UK. Treasury to bear risk of unfunded legacy public sector schemes
A policy paper published on 15 May states that the cost control mechanism (CCM) for new public sector schemes will exclude those legacy schemes closed to new members.
Following a review by the government actuary and a series of consultations, the government will now bear “full risk” of costs related to unfunded legacy schemes, which includes civil servants, teachers and NHS staff.
The paper states: “The government believes this is the right approach to take in order to ensure the CCM is fairer to younger members who did not previously have access, or had access for a shorter time, to the legacy schemes,” the paper said.
A legal challenge of the 2015 reforms resulted in a ruling that said they discriminate against younger scheme members in what is known as the McCloud judgment.
In response, the government introduced reformed schemes that would deal with the discrimination while offering members the choice of terms for their benefits accrued between 2015 and 2022 to be paid under.

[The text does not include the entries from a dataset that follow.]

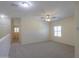 Large bedroom with neutral carpet, ceiling fan, and plantation shutters for ample light control at 1980 N Santa Fe Ct, Casa Grande, AZ 85122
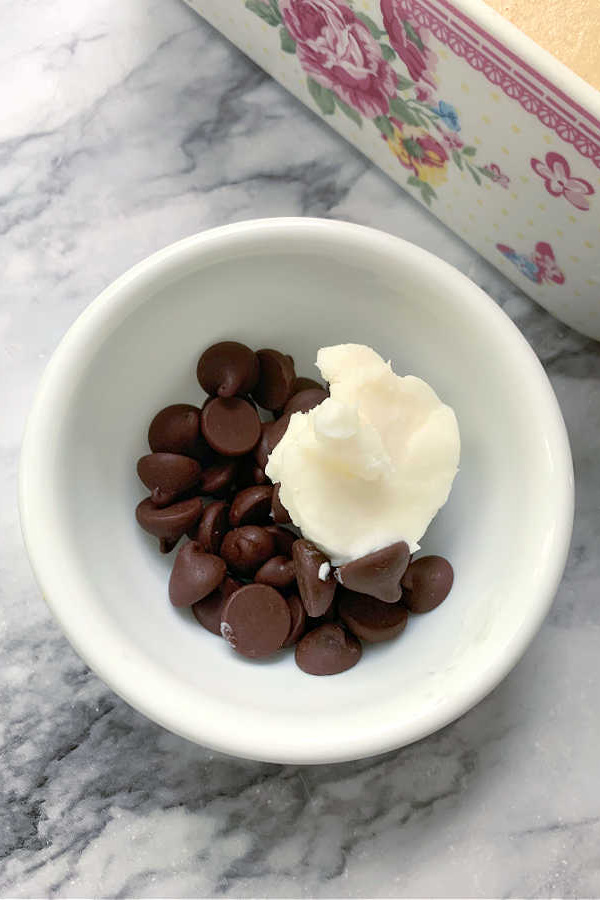 Melting chocolate with shortening for topping Peanut Butter Frosted Brownies recipe.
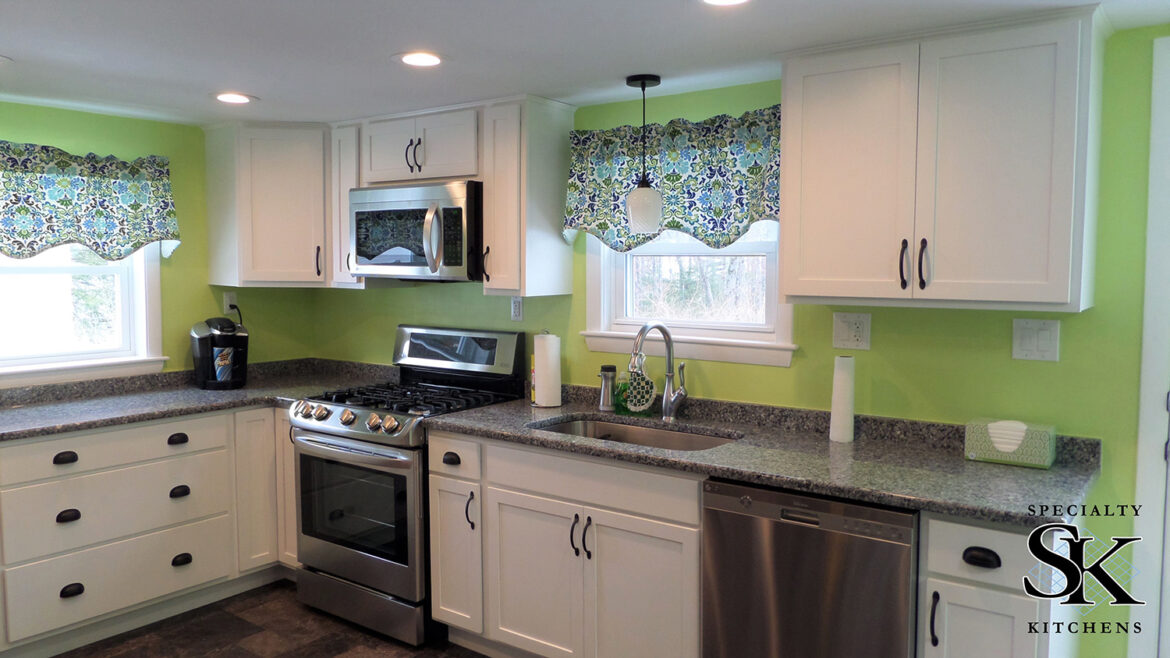 Modern kitchen with green walls, white cabinets, stainless steel appliances, patterned valances, and dark granite countertops.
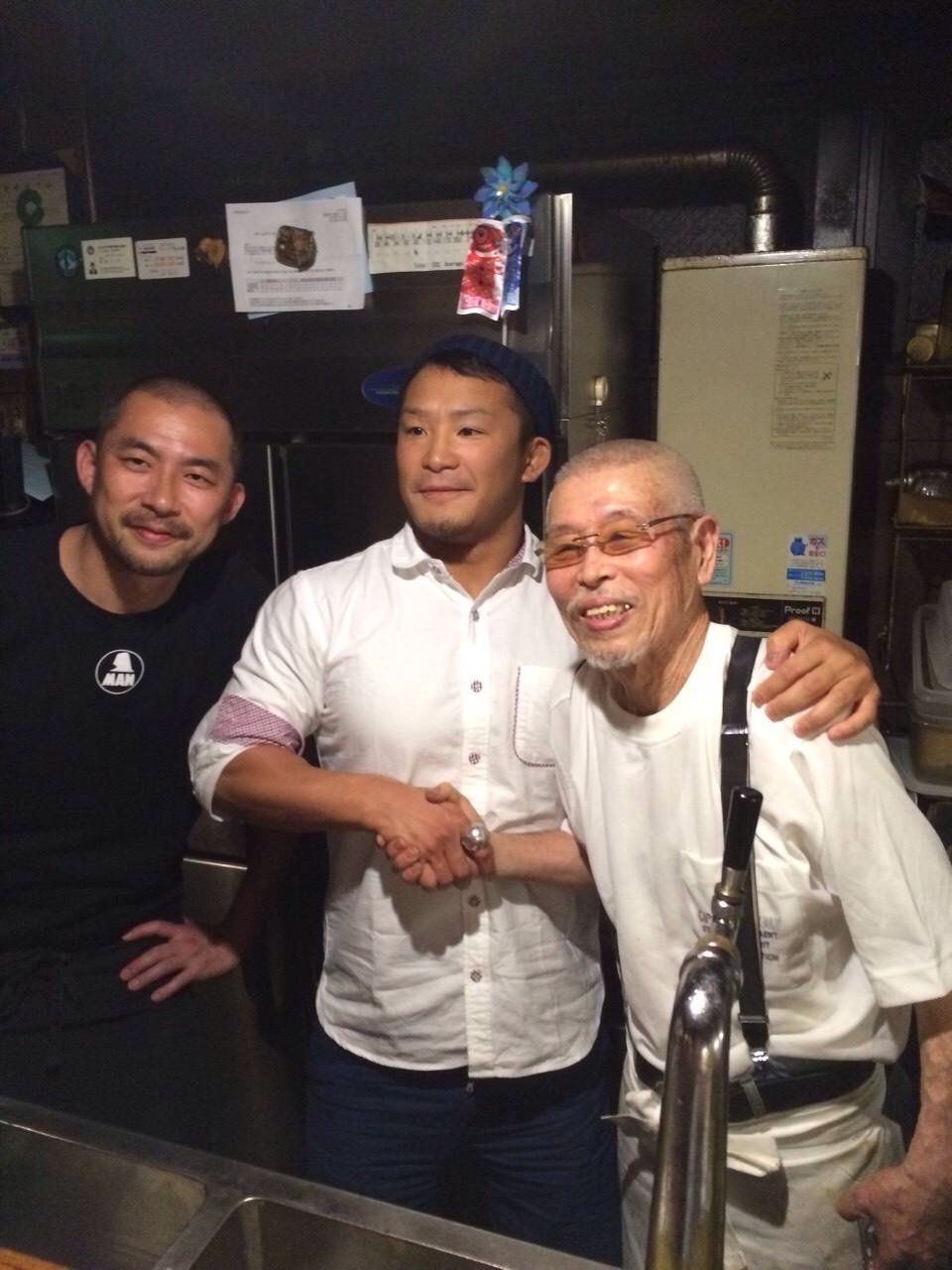 二人のレスラーとカウンターで笑顔を見せる村田マスター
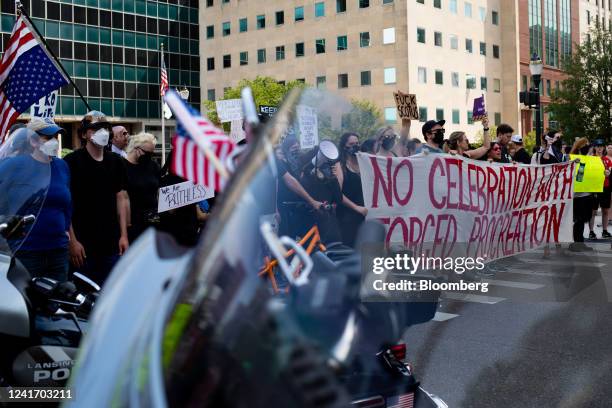 Abortion rights demonstrators block a Fourth of July parade during a national day of protest in Lansing, Michigan, US, on Monday, July 4, 2022. Since...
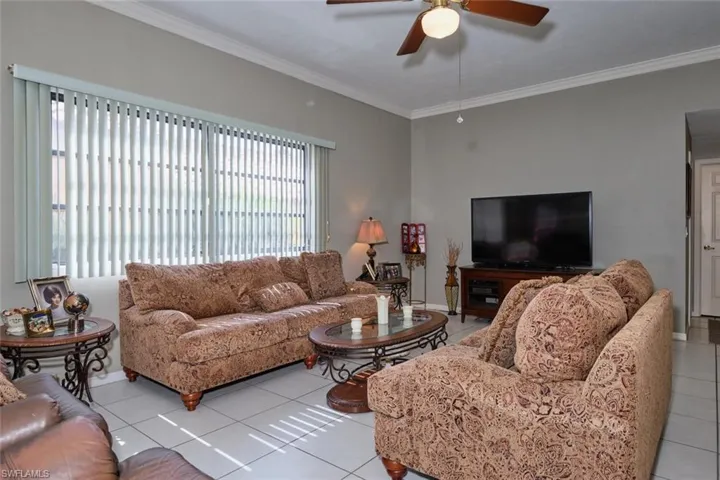 Living room featuring ornamental molding, a wealth of natural light, light tile patterned floors, and ceiling fan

Chief Secretary to the Treasury, John Glen, stated in a written ministerial statement published with the paper: “This will lead to a more stable CCM and ensure consistency between the set of benefits being assessed and the set of benefits potentially being adjusted, thereby ensuring fairness for both taxpayers and scheme members.”
The cost of the reforms was estimated to be at least £17 billion in 2021. Unions have called for member contributions to be reduced as their members overpaid following the 2016 valuation which they claim overstated the cost of future public service pensions.
Mark Serwotka, the general secretary of civil service union PCS, said: “The 2016 valuations showed that future public service pensions cost have been exaggerated.
“The real determinants are pay levels and life expectancy, both of which point to reducing and not increasing future liabilities, which is why we believe our members have been overpaying for years and should have their money back.”